AI and the Law Part 2: The Explainability of AI
By: Stephen Skipp
Lead Consultant, Data Exploitation
27th May 2021
In my previous blog, I summarised key points in the AI legislative landscape and indicated the importance of explainable AI to businesses, Government organisations and the public. But how do we go about making AI explainable? This appears particularly difficult when the leading edge of technology involves deep learning techniques that are vast networks with potentially millions of parameters trained on massive datasets. This part 2 blog seeks to find if the law gives any guidance on the definition of, or limits on, what is considered to be an acceptable explanation to be given by an AI system.
The House of Lords Select Committee on Artificial Intelligence published a report on the 16 April 2018 titled AI in the UK: ready, willing and able? In which section 104 states “The style and complexity of explanations will need to vary based on the audience addressed and the context in which they are needed.” And section 105 states: “We believe that the development of intelligible AI systems is a fundamental necessity if AI is to become an integral and trusted tool in our society. Whether this takes the form of technical transparency, explainability, or indeed both, will depend on the context and the stakes involved”. This statement implies a desire that the level of explanation should be appropriate for the users and the situation in which it is being used.
Article 5 of the GDPR defines the principles relating to the processing of personal data and section 1(a) states that personal data shall be “processed lawfully, fairly and in a transparent manner in relation to the data subject”. So that means that the information given to the data subject should be clear and understandable by them. It does not say to a specialist in that business nor in data science: it is appropriate to the user in their situation.
Is it practical to implement?
The GDPR gives the data subject a right to an explanation but it also provides the data controller with some protection from excessive requests. In article 12, Transparent information, communication and modalities for the exercise of the rights of the data subject, section 5 “Where requests from a data subject are manifestly unfounded or excessive, in particular because of their repetitive character, the controller may either:
(a) charge a reasonable fee taking into account the administrative costs of providing the information or communication or taking the action requested; or
(b) refuse to act on the request.”
Section 60 of the UK Data Protection Act 2018 indicates that the level of explanation expected is such as to provide clarity. It states “information may be provided in combination with standardised icons in order to give in an easily visible, intelligible and clearly legible manner, a meaningful overview of the intended processing.”
For the avoidance of doubt and at the expense of repetition, this is also in the GDPR where article 12, Transparent information, communication and modalities for the exercise of the rights of the data subject, section 7 states: “The information to be provided to data subjects pursuant to Articles 13 and 14 may be provided in combination with standardised icons in order to give in an easily visible, intelligible and clearly legible manner a meaningful overview of the intended processing.”
The legislation is clearly indicating that brevity and clarity within the context of the AI’s use is an expectation of the provided explanation.

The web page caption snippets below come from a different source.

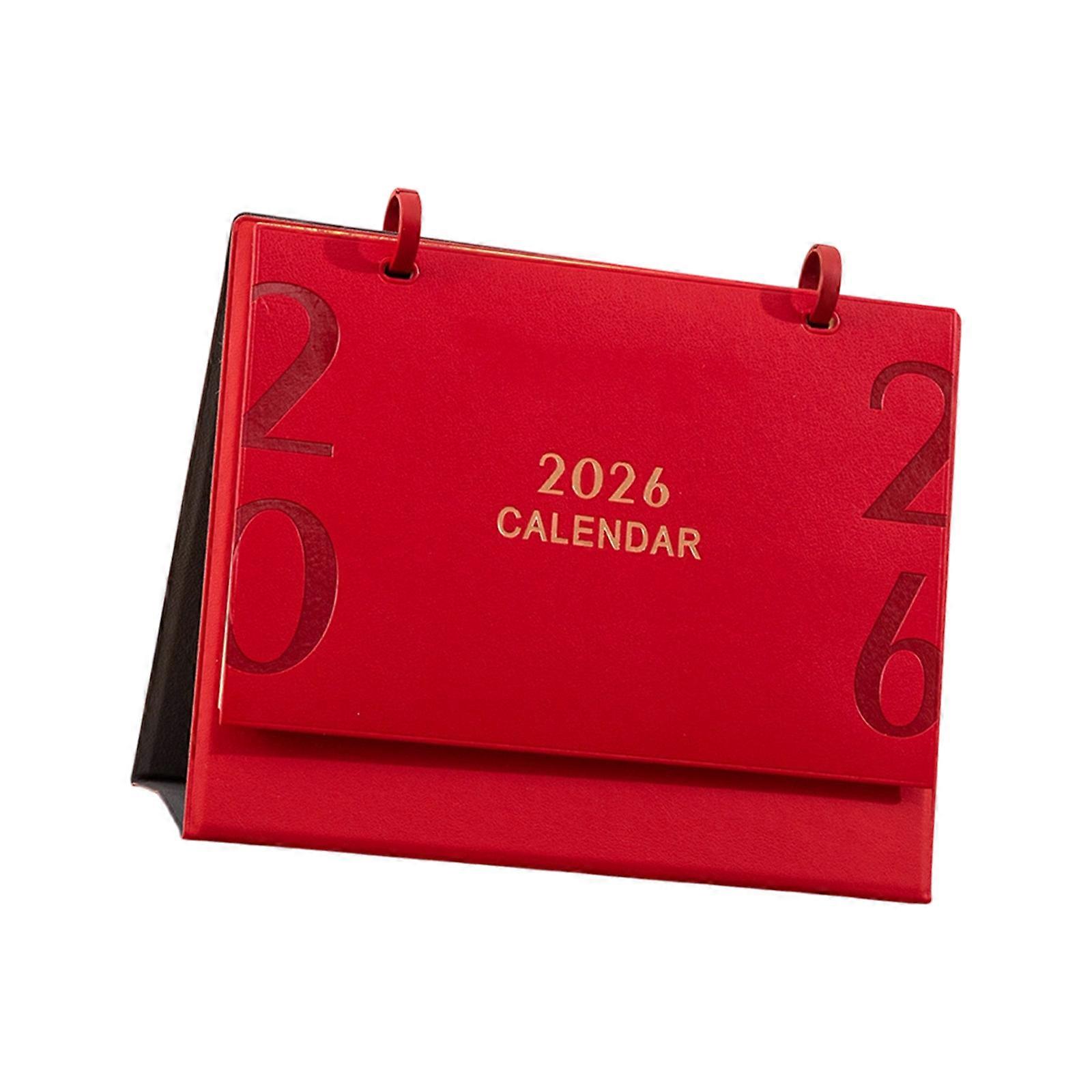 2026 PU Leather Calendar Planner from Jan to Dec Office Desktop Calendar with Holiday Markings And Unruled Daily Blocks  Red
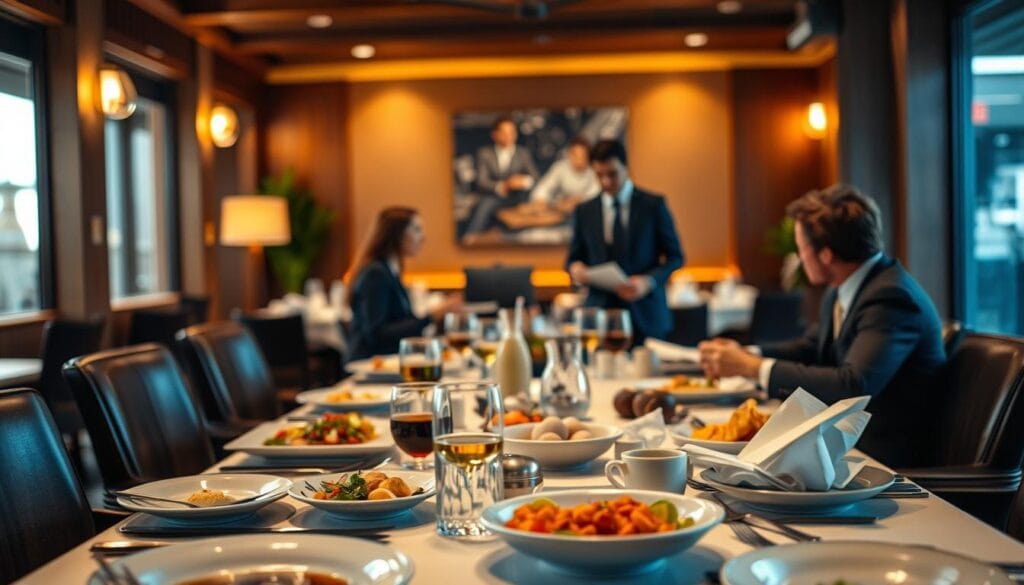 A cozy restaurant interior, with a table set for a business meeting. In the foreground, various dishes, drinks, and cutlery are arranged meticulously, hinting at a sumptuous meal. The middle ground features two professionals in suits, engaged in a lively discussion, papers and laptops on the table before them. The background is softly lit, with warm tones and a subtle blur, creating an atmosphere of productivity and collaboration. The scene conveys the concept of "Business Meals and Entertainment Deductions" - a strategic, yet relaxed setting where deals are made and relationships are forged, all while exploring the tax-saving potential of such expenses. A cozy restaurant interior, with a table set for a business meeting. In the foreground, various dishes, drinks, and cutlery are arranged meticulously, hinting at a sumptuous meal. The middle ground features two professionals in suits, engaged in a lively discussion, papers and laptops on the table before them. The background is softly lit, with warm tones and a subtle blur, creating an atmosphere of productivity and collaboration. The scene conveys the concept of "Business Meals and Entertainment Deductions" - a strategic, yet relaxed setting where deals are made and relationships are forged, all while exploring the tax-saving potential of such expenses.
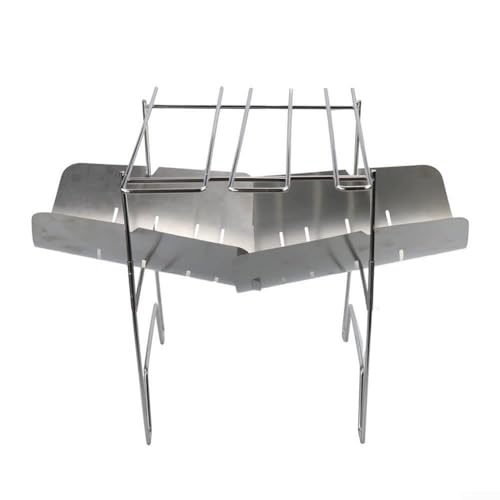Feeshoppher Kompakter Edelstahl-Grill-Herd, Outdoor-Camping, abnehmbares Holzkohlegrill-Set mit 3 Spießen, Aufbewahrungstasche für Picknick, Reisen (A) von Feeshoppher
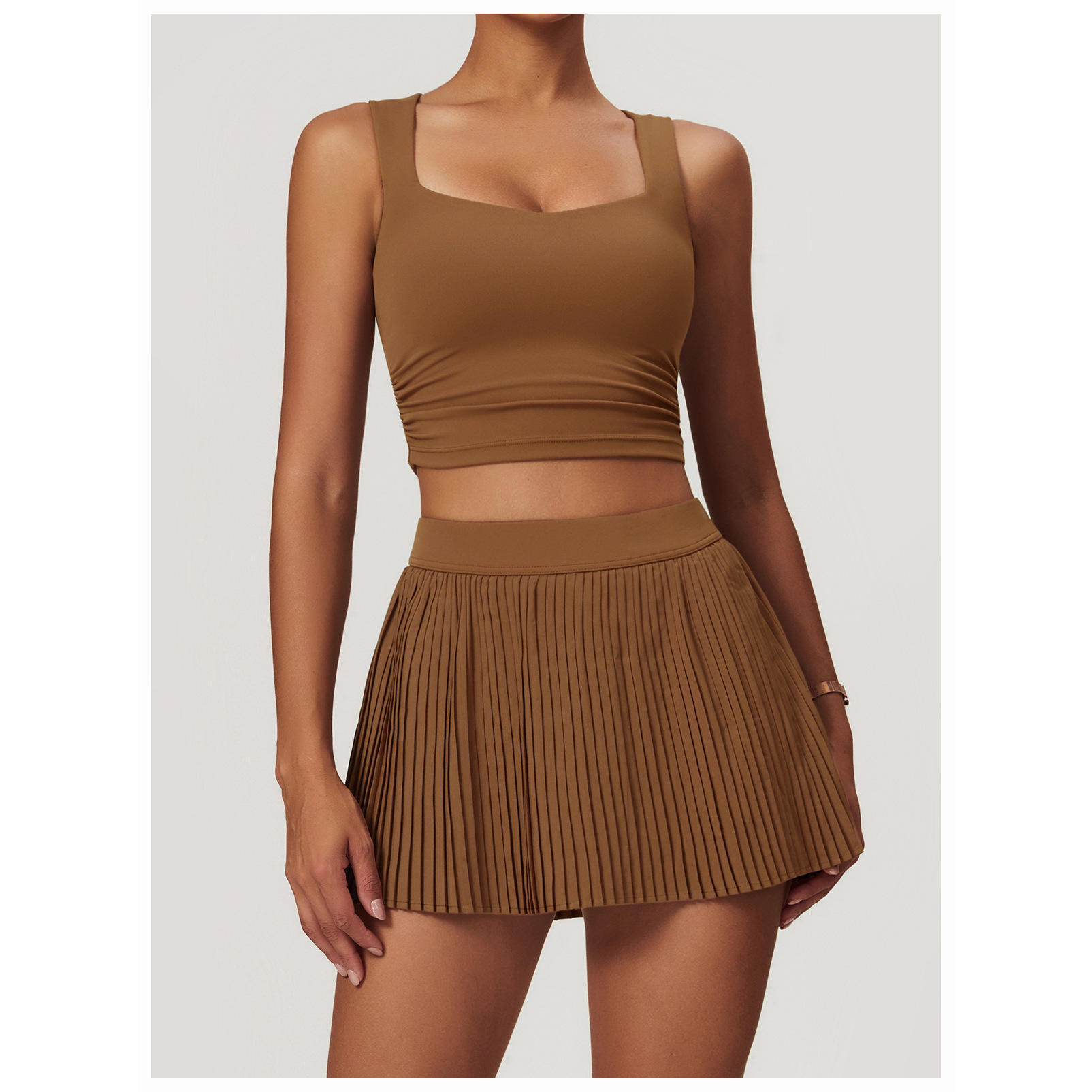 8782 เสื้อกั๊ก, 8782 กระโปรง, สีน้ำตาลชาเบิร์ช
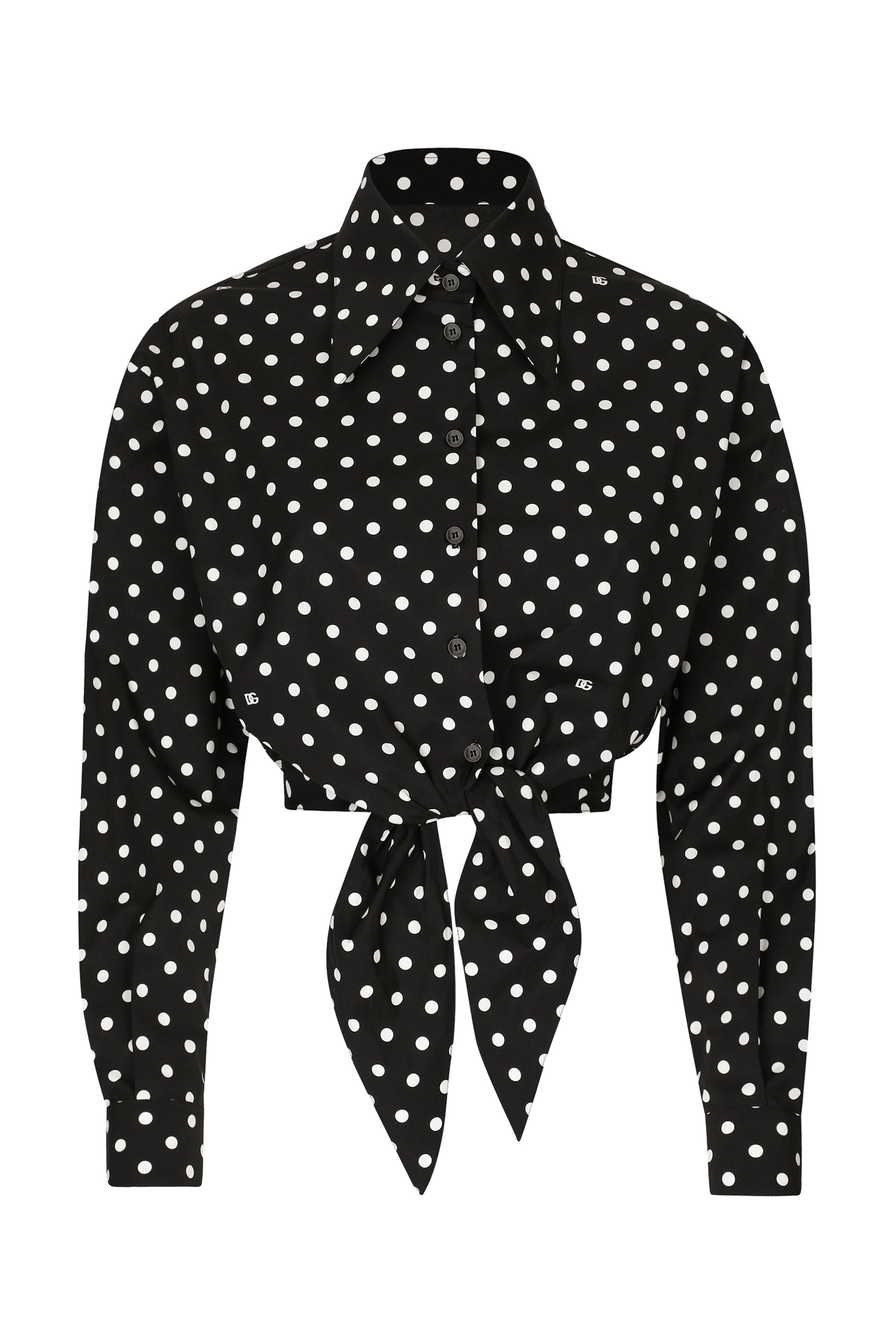 بلوزة قصيرة بنقشة نقاط بولكا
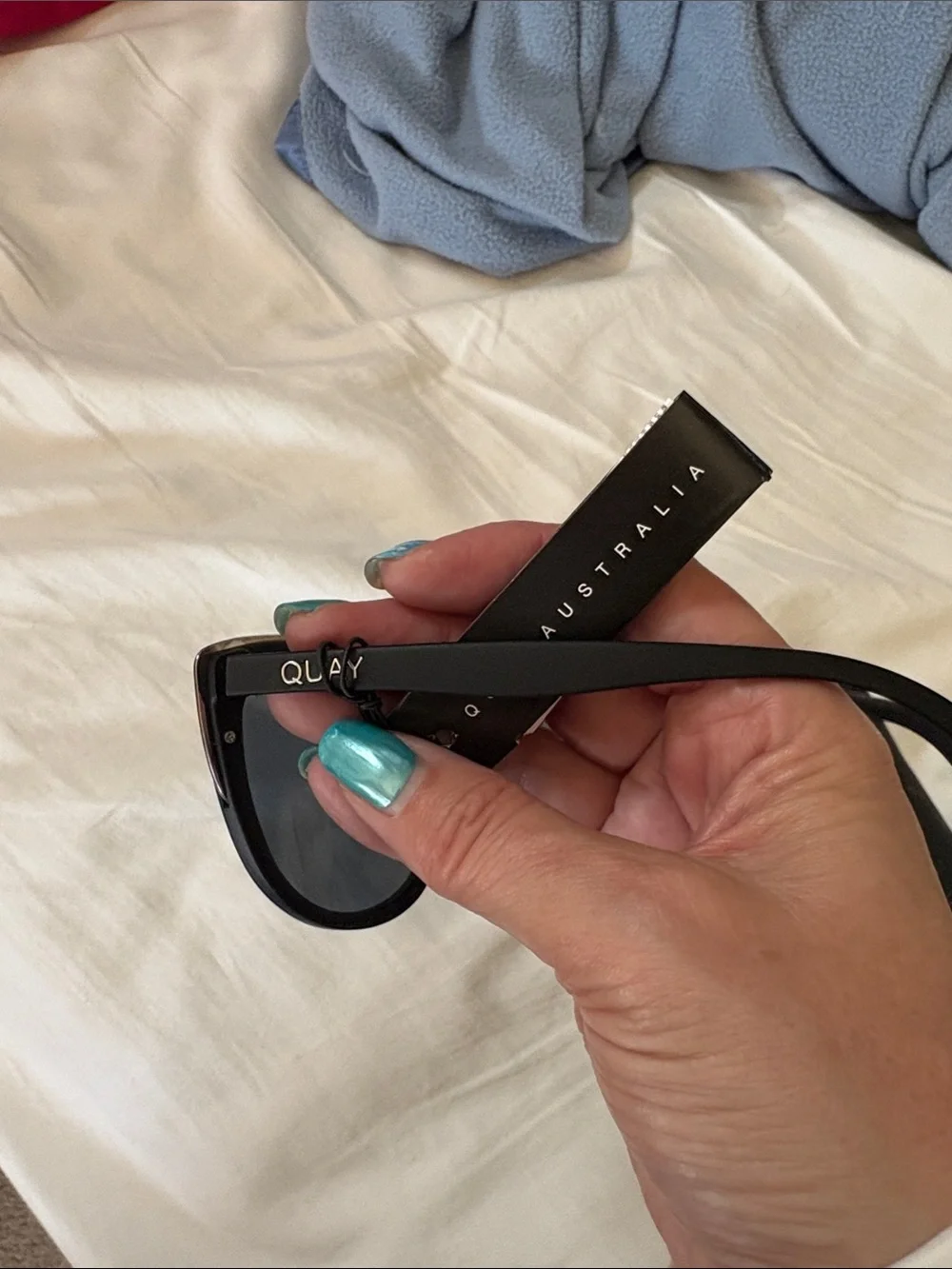 Quay Australia Black Cat-Eye Sunglasses with Silver Trim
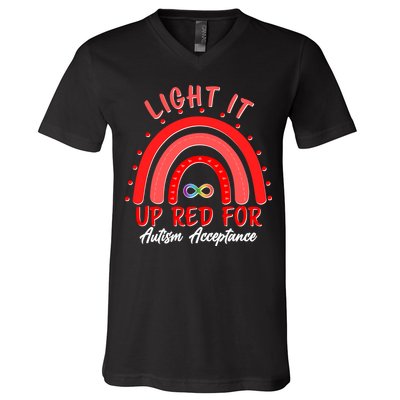 Light It Up Red For Autism Acceptance Red Rainbow V-Neck T-Shirt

Developers of AI systems should therefore look to using techniques that base their decisions on the same models and concepts as are in the natural discourse of the users of that system.
Is there a desire for explainablity?
House of Lords report helps guide AI developers’ and AI purchasers’ decision making by stating that from a legislative point of view there is a preference for explainability over techniques that are impenetrable. Section 105 states: “We believe it is not acceptable to deploy any artificial intelligence system which could have a substantial impact on an individual’s life, unless it can generate a full and satisfactory explanation for the decisions it will take. In cases such as deep neural networks, where it is not yet possible to generate thorough explanations for the decisions that are made, this may mean delaying their deployment for particular uses until alternative solutions are found.”
Given the requirements and constraints on the explanation required, organisations seeking to use AI systems and the developers of such systems must choose the technology appropriate to the importance of the decisions being taken and the level of explanation required of components of that decision.